Single by Rihanna

from the album Rated R
- Released: May 28, 2010
- Recorded: 2009
- Studio: Metropolis (London, England)
- Genre: Latin pop; R&B;
- Length: 3:28
- Label: Def Jam; SRP;
- Songwriters: Mikkel S. Eriksen; Tor Erik Hermansen; James Fauntleroy II; Robyn Fenty;
- Producer: Stargate

Rihanna singles chronology
| "Rockstar 101" (2010) | "Te Amo" (2010) | "Love the Way You Lie" (2010) |

Music video
- "Te Amo" on YouTube

= Te Amo (Rihanna song) =

2010 single by Rihanna

"Te Amo" (English: "I Love You") is a song by Barbadian singer Rihanna from her fourth studio album, Rated R (2009). The song was written by Rihanna, Mikkel S. Eriksen, Tor Erik Hermansen, James Fauntleroy II, with production helmed by Eriksen and Hermansen under their production name Stargate. "Te Amo" impacted radio in Italy on May 28, 2010, and was released via digital download on June 8, 2010, in Australia, Italy and New Zealand, as the album's sixth and final single. "Te Amo" incorporates elements of music of Latin America and conveys Rihanna's struggles as the object of another woman's desires.
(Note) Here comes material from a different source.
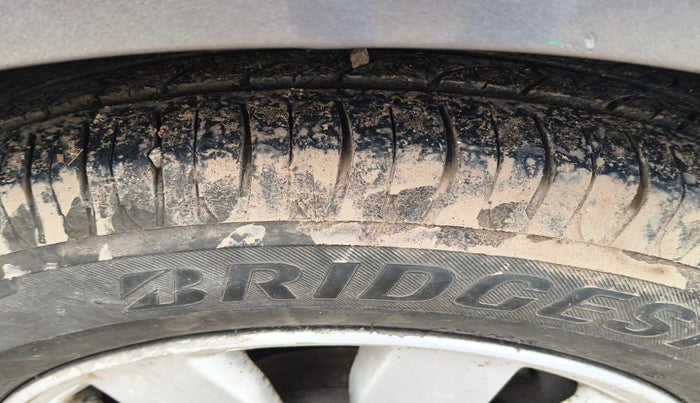 2013 Hyundai i20 SPORTZ 1.2, Petrol, Manual, 85,687 km, tyre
Music critics praised the song for its lyrics and for a less futuristic sound than other songs on Rated R. "Te Amo" peaked inside the top ten of particularly European national charts, including the Czech Republic, Hungary, and Poland. The song also attained top forty positions in Australia, The Netherlands and Slovakia. "Te Amo" was certified gold in four countries and platinum in the United Kingdom and double platinum in Brazil. The song's accompanying music video was directed by longtime collaborator Anthony Mandler and features French supermodel Laetitia Casta, who tries to seduce Rihanna and eventually succeeds. Rihanna performed the song live at BBC Radio 1's Big Weekend on May 23, 2010 in Bangor, Wales. "Te Amo" was also included on the set list of Rihanna's Last Girl on Earth tour.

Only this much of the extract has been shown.